Daniel Kreuter writes:
Rendering contours in Blender had always been kind of a challenge for me because there are no tools for this (excepted by the Freestyle render engine). I really wanted to find a way for this and so I came up with the technique which I explain int the video.
You can download the .blend file here.
16 Comments
Awesome, thank you for taking the time out to develop this tut. I will most definitely use this sometime in the future.
The "edge" pass does exacty this. But this method is more controllable of course.
Yeah, I saw this and thought, "doesn't the edge pass do pretty much the same thing?" This is pretty interesting, though.
It would be great if you had access to the edge pass like other passes for the Node Editor. Would make the built in method of doing contours a little more flexible.
The great thing about this method is that it works with cycles too, since that has both Z and normal passes.
Excellent! Now I can have rendered contours with Cycles. Thanks, Daniel!
Thanks for this. The results are beautiful!
this is a useful tutorial ! thanks ^^
Nice. Was trying this 6 years ago when there was no Cycles yet :) Needed badly a nice toon-ish render and finally combined edge render with yafray (not yafaray back then) like I described here (me as 'Glootamin'): http://blenderartists.org/forum/archive/index.php/t-68467.html. Results (also posted there): http://img.photobucket.com/albums/v480/Gloothamine/SpaceSHIPtoon.jpg
http://img.photobucket.com/albums/v480/Gloothamine/Gadgets.jpg
I guess it's not such a bad direction - if developers would consider it implementing ... somehow ...

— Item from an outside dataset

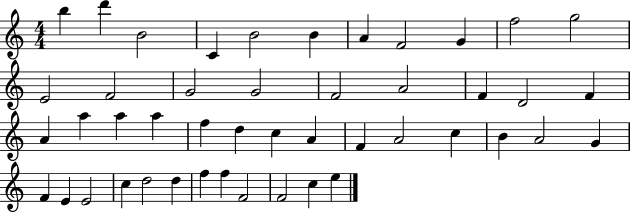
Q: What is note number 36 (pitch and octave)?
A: E4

THIS IS WHAT I'VE BEEN WAITING MY WHOLE LIFE FOR!
Nice tut! Just one complain, your O.S. haha
Thank you, Daniel! It's very useful!
This is really useful for animation in 2D style... Thanks :D
Amazing. Thank you dear sir.
Nice. You don't like Viewer Nodes no? ;-)
I want to thank you for doing this because it made me experiment. I found your method a little frustrating because the line quality wasn't what I liked.
I think I found a more flexible way. I created another scene in the blend file called shadeless that was a full copy of the original scene. I had a white shadeless material override all the materials and turned on the edge option. Then in the original scene in the node editor mix the output from both scenes.
What I like about this method is with the BI edge option you can pick the color of the edges. With your method I couldn't find a decent way to change the color of the outline. With this method you could have a separate scene for each outline color and have separate objects have their own outline colors.
This is my work around to not having the edge pass available outright. Thanks for sharing! I'm looking forward to doing some NPR renders now!